Florian explique par contre qu’il a dû s’adapter «au français parlé au Canada», qui présente quelques différences par rapport à la langue parlée au Cameroun. «Pour améliorer la fluidité linguistique, j’ai dû participer à des cours de langue et la pratiquer régulièrement avec des locuteurs natifs canadiens», explique l’enseignant.
L’enseignant a aussi découvert qu’en Ontario, il faut avoir des connaissances en anglais afin d’échanger avec les parents d’élèves, qui jouent un rôle important dans le système éducatif du pays.
Mais le plus grand défi de Florian a véritablement été «l’utilisation des technologies éducatives». Le rôle de la technologie s’est accru avec la pandémie de COVID-19 et les confinements qui s’en sont suivis, avec la nécessité de poursuivre l’enseignement à distance.
Favoriser l’inclusion des enseignants immigrés
Pour Yollande Dweme Pitta, un meilleur accompagnement des professionnels formés à l’étranger et qui souhaitent s’insérer dans le système éducatif canadien est essentiel. Il incombe toutefois aux nouveaux arrivants de bien s’informer avant d’immigrer et, une fois sur le territoire, de «se renseigner avant de changer de profession».

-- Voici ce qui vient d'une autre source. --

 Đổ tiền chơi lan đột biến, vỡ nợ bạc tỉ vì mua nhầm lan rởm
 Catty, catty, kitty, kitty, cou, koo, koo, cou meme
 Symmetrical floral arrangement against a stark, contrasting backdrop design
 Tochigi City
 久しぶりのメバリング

La chercheuse estime que les directions d’école ont également une responsabilité liée au nécessaire rapprochement entre les anciens et les nouveaux enseignants, «afin de combattre les préjugés» qui pèsent sur les immigrants.

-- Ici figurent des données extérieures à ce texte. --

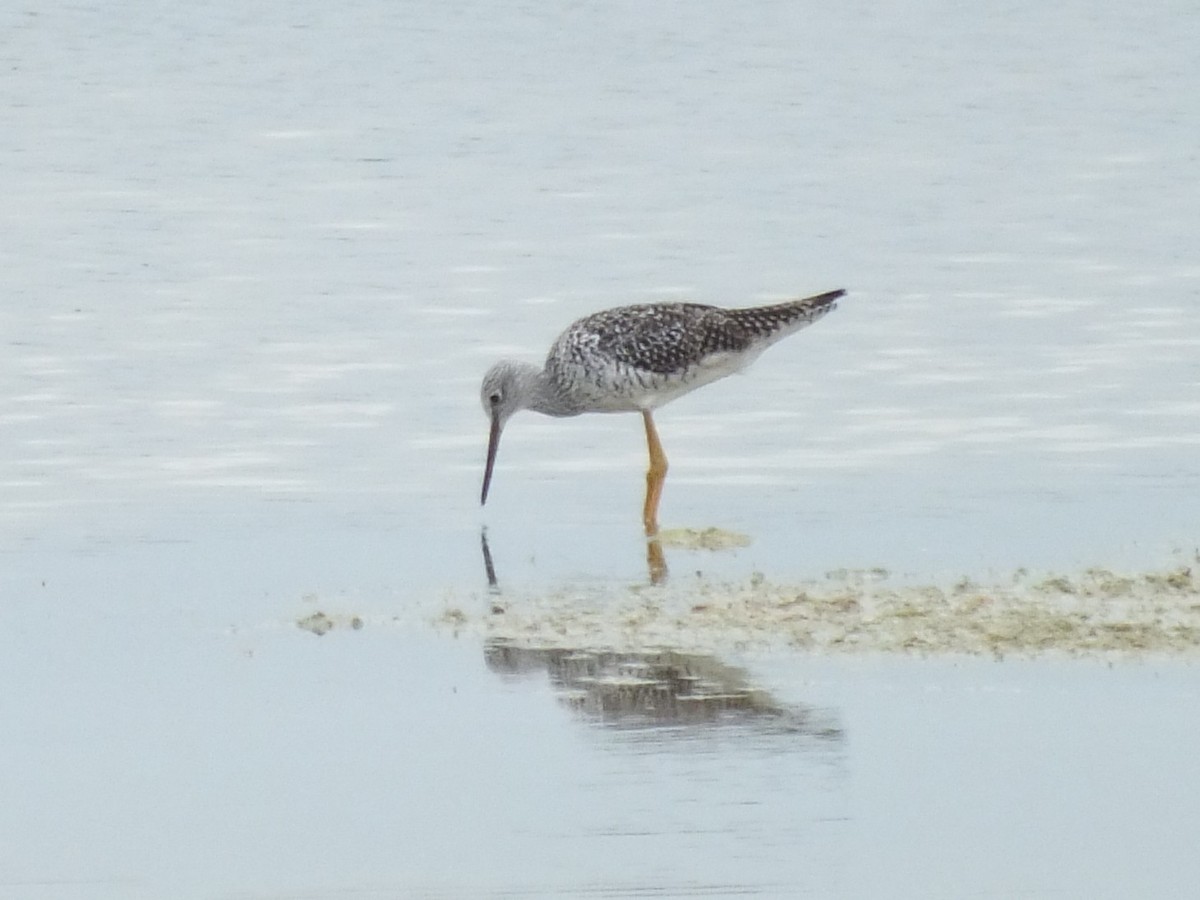 Greater Yellowlegs - ML644808323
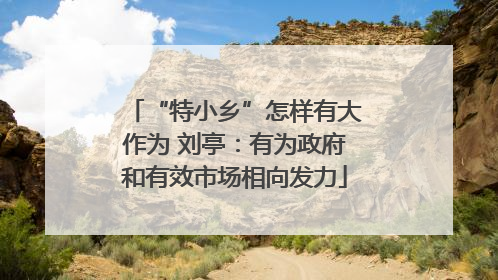 “特小乡”怎样有大作为 刘亭：有为政府和有效市场相向发力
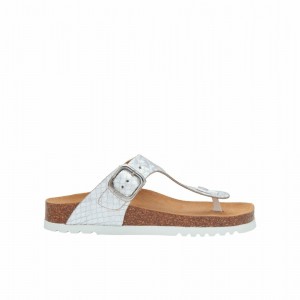Scholl Pescura Heel Anais Flip Flops Damen Silber | 84BJELPQH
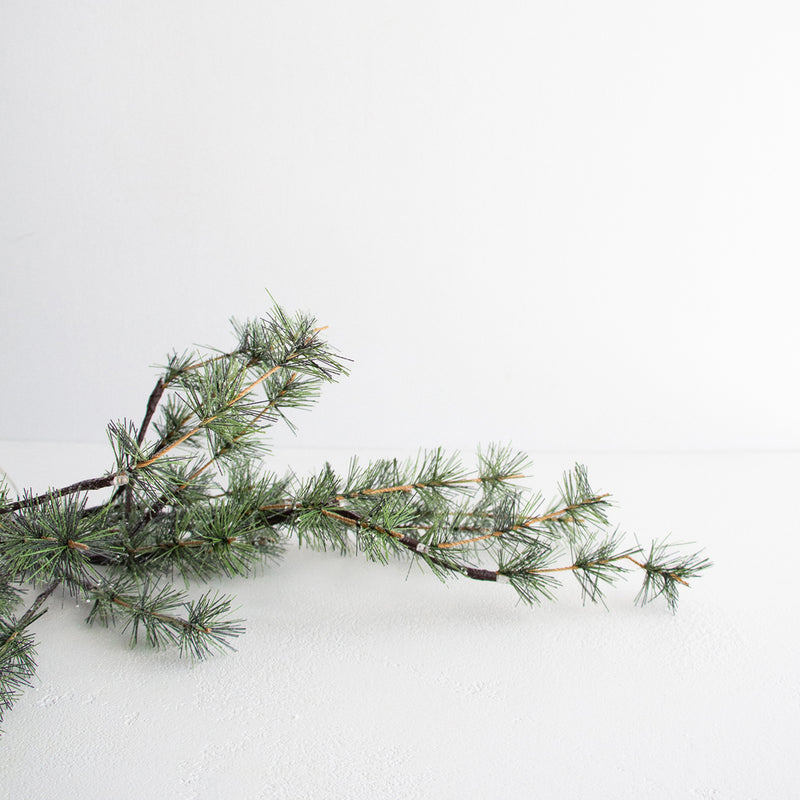 Frosted Pine Branch with Lights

Par exemple, les nouveaux enseignants peuvent «intégrer les comités de pratiques, notamment le comité d’apprentissage à l’école pour bénéficier de l’expérience des enseignants chevronnés».
Florian a justement remarqué «une certaine fermeture» de la part de ses collègues et des conseils scolaires à établir des liens professionnels. «Je me réserve même le droit de parler de racisme», lâche-t-il.
Cette responsabilité revient également aux conseils scolaires, qui peuvent organiser des formations pour lutter contre les stéréotypes, «car les enseignantes formées en Afrique subsaharienne ont beaucoup à apporter, notamment au niveau de la méthodologie», souligne Yollande Dweme Pitta.
Les conseils scolaires au front en Alberta
L’Alberta, qui est aussi confrontée à une pénurie d’enseignants francophones, voit à la mobilisation de ses conseils scolaires pour accompagner l’insertion des professionnels formés à l’étranger, notamment en Afrique subsaharienne. La Fédération des conseils scolaires francophones de l’Alberta (FCSFA) a lancé dès 2023 la plateforme Enseigner en Alberta, pour faciliter le recrutement des enseignants dans les écoles de la province.
«C’est devenu la norme que les enseignants viennent d’ailleurs pour enseigner en Alberta», constate la directrice exécutive de la FCSFA, Gisèle Bourque. Afin de faciliter l’insertion des enseignants formés à l’extérieur de la province, «le conseil scolaire peut demander au ministère de l’Éducation d’accélérer le processus d’accréditation en contrepartie d’une promesse d’embauche», ajoute-t-elle.
Selon elle, les nouveaux enseignants bénéficient également de l’entraide au sein des écoles albertaines. Les enseignants chevronnés d’origine africaine «ont développé un mentorat spécial», principalement à Edmonton, pour accompagner les nouveaux arrivants en proposant une sélection de formations nécessaires à l’adaptation au contexte local.
*Le nom a été modifié pour des raisons de sécurité et de confidentialité.